Early life and career
John Smith Phelps, the son of Elisha Phelps, was born in Simsbury, Hartford County, Connecticut. He attended common schools and then studied law at Trinity College in Hartford, Connecticut, graduating in 1832. He was admitted to the bar in 1835 and commenced practice in Simsbury. After his marriage to Mary Whitney on April 20, 1837,  he moved to Springfield, Missouri, and quickly became one of the leading lawyers in southwest Missouri.

Phelps was elected to the Missouri House of Representatives in 1840. Four years later, on March 4, 1845, he was elected as a Democrat to the Twenty-Ninth Congress, and to eight succeeding Congresses (March 4, 1845March 3, 1863). During his 18-year term, he served as Chairman of the Committee on Ways and Means (Thirty-Fifth Congress) and came to be regarded as a champion of government bounties to soldiers, aid to railroads, and inexpensive postage.

Phelps was popular in Washington, D.C. and at home. In 1857 Missourians honored him by naming the newly created county of Phelps after him. He was not a candidate for renomination in 1862.

Civil War
At the outbreak of the Civil War in 1861, Phelps returned to Springfield and enlisted as a private in Captain Coleman's Company of Missouri Infantry (Union). He was promoted to lieutenant colonel on October 2, 1861 and to colonel December 19, 1861. Following the Union defeat at the Battle of Wilson's Creek, Mary Phelps cared for the body of General Nathaniel Lyon, killed during the battle, while her husband retreated with the Union army to Rolla.

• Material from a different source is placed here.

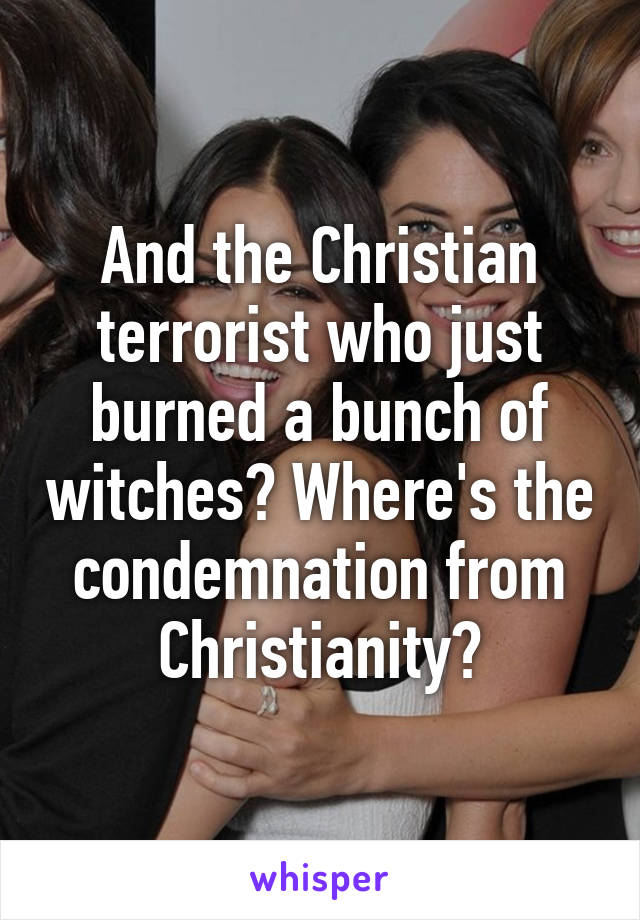 And the Christian terrorist who just burned a bunch of witches? Where's the condemnation from Christianity?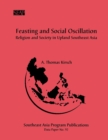 Image for Feasting and Social Oscillation: A Working Paper on Religion and Society in Upland Southeast Asia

By special arrangement with President Abraham Lincoln, Phelps organized an infantry regiment which bore his name, Phelps’s Regiment, Missouri Volunteer Infantry. The regiment spent most of the winter of 1861—62 as the garrison of Fort Wyman at Rolla. In March 1862, Phelps led his regiment in the fierce fighting at Pea Ridge in Arkansas. He was mustered out May 13, 1862. In July 1862, he was appointed by President Lincoln as Military Governor of Arkansas, but he resigned the position due to ill health.

Postbellum activities

Phelps returned to Springfield in 1864 to resume his law practice. He was an unsuccessful candidate for Governor of Missouri in 1868, but in 1876 was elected to the position as the only candidate who could successfully lead Northern and Southern factions in the state. During his tenure as governor, Phelps supported currency reform and increased support for public education. He retired in 1881, praised as one of Missouri’s best governors.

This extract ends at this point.